Records for this exercise:
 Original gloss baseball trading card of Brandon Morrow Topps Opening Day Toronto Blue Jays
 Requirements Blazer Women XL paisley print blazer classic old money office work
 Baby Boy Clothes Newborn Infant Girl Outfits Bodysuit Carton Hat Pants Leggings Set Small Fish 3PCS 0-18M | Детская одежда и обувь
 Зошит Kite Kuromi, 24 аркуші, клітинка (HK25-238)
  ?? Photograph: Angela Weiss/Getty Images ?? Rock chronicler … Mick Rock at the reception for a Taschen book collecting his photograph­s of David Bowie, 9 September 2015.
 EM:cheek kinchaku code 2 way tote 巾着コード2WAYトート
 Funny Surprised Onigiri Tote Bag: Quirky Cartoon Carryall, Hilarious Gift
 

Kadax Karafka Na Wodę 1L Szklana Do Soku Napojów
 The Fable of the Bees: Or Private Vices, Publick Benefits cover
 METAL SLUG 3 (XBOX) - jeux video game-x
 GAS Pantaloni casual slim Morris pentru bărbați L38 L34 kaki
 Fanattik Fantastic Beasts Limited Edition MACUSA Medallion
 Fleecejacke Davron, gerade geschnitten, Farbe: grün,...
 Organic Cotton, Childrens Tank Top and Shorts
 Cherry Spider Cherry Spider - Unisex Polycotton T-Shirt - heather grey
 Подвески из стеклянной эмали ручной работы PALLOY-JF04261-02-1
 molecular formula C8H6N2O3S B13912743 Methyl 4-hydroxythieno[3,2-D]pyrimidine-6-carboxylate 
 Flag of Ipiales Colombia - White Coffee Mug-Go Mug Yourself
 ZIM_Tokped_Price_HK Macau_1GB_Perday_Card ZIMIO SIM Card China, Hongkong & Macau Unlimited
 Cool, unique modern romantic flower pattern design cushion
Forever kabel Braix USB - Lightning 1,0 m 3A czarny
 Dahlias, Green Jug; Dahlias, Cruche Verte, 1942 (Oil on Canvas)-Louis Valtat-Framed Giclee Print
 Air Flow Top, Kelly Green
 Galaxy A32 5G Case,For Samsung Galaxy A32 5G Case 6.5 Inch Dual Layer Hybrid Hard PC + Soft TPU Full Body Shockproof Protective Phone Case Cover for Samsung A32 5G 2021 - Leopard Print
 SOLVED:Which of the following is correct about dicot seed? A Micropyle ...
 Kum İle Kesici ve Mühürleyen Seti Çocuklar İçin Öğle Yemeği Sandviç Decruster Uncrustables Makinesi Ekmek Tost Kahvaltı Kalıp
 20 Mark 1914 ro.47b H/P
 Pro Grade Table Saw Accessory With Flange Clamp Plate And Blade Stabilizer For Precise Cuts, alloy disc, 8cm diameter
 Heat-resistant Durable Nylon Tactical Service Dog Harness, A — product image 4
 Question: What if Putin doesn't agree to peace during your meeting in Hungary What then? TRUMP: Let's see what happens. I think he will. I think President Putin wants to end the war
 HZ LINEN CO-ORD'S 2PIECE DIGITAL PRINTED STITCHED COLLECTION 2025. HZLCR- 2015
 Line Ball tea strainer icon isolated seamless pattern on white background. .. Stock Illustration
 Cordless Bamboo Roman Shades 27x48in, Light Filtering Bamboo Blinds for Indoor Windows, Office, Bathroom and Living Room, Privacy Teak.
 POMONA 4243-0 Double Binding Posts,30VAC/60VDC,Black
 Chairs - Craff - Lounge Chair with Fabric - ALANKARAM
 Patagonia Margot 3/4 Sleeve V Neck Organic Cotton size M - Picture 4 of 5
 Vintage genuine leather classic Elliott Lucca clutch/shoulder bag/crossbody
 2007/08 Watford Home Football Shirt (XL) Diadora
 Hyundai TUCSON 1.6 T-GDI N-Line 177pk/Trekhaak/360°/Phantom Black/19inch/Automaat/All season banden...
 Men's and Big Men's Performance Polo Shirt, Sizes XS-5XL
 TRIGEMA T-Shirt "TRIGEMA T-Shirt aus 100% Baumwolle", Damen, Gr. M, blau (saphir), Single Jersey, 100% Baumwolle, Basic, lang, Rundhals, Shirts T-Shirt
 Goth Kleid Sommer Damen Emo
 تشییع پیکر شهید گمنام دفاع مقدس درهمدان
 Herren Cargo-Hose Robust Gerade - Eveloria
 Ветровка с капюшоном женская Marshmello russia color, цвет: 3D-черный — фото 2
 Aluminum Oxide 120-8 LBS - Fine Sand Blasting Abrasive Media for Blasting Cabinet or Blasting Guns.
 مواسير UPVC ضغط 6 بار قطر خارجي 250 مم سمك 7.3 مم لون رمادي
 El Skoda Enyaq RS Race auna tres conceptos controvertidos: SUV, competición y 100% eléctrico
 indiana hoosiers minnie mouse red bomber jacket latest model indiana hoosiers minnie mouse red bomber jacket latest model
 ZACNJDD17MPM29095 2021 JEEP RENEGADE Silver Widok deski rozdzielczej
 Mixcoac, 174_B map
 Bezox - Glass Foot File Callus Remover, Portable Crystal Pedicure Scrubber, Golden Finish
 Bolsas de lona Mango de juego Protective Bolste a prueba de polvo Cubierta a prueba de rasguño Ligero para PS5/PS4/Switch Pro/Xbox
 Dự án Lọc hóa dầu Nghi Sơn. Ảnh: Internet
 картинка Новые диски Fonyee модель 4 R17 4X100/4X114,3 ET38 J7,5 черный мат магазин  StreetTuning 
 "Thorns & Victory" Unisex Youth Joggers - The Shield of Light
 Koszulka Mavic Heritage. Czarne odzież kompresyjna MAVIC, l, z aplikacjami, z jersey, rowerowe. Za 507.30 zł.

Task description: From the material above, give the number of lines that contain the string "pattern", without any added remark.

Written solution: 2